A non-profit organization representing the residential communities of Cunupia sought judicial review of the decision of the Environmental Management Authority to enter into a consent agreement with a company in respect of the establishment of a concrete batching plant. Residents of the area began formal complaints leading to an investigation by the Environmental Management Authority and the sending of a Notice of Violation. The consent agreement was made following a site visit and the imposition of a fine on the company. The claimants alleged such agreement was unlawful, null and void and of no effect.
 Even the ground of illegality was based ultimately on the right of the public to be consulted before a developer could embark on projects which caused a negative environmental impact.

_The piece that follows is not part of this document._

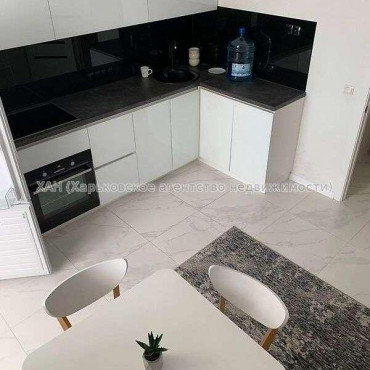 Продам квартиру, Архитекторов ул. , 1 кім., 54 м², евроремонт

 Had the deponents disclosed that the batching plant was non-operational, at the time of the application for leave, the Court would undoubtedly have enquired whether the batching plant and by extension the decision of the defendant was the cause of sufferings of the claimants. The Court would have enquired whether it may have been rather the use of the land for stockpiling of aggregate that gave rise to the problems encountered by the claimants. The use of land for the stock piling of aggregate is not an activity requiring a CEC and would have been regarded as unrelated to the impugned decision of the defendant. The Court would have enquired whether an action in nuisance might have better met the needs of the claimants, and whether the claimants‟ action ought to have been directed to the RPN Enterprises Limited rather than at the defendant.
 It is therefore my view that the Court would have treated with the application for leave very differently, had the claimants disclosed that at the critical time the concrete batching plant, though present on the land was not operational. On the principles expounded in Brinks Mat, the claimants have not been frank with the Court. It is therefore my view that their non-disclosure would have affected the Court’s view of the issues which engaged its attention at the application for leave to apply for judicial review. The Court is therefore of the view that on that ground the application ought to be dismissed.
 In the proceedings before this Court, before refusing the application of the Interested Party, the EMA indicated that no EIA was required. In my view, the direct result of this was that Section 35(5) of the Act was not activated in respect of this project and it was not required to be submitted for public comment.
 The EMA then exercised its powers at Section 36 of the Act. At this stage the EMA refused the application for the CEC. In this regard, one encounters a problem of statutory interpretation, in that the EMA in considering all relevant matters, as required by Section 36, could not consider any public comments, as there were none. In my view, it is at this Section that the Court ought to proceed to employ the purposive interpretation to avoid an absurd result.
 The stated purpose of the Act is sustainable development, which is the balance between environmental protection and economic development. The Act does not require the EMA to employ the big stick on every developer, but is required to respond to the application for a CEC according to the environmental impact of the proposed activity. As stated above, the application with the least environmental impact requires no CEC at all. The application with the greatest impact requires a CEC and an EIA. If Section 36(1) of the Act is seen through this lens, it must be interpreted as permitting the EMA to consider comments and representations only where they have been required by Section 35(4).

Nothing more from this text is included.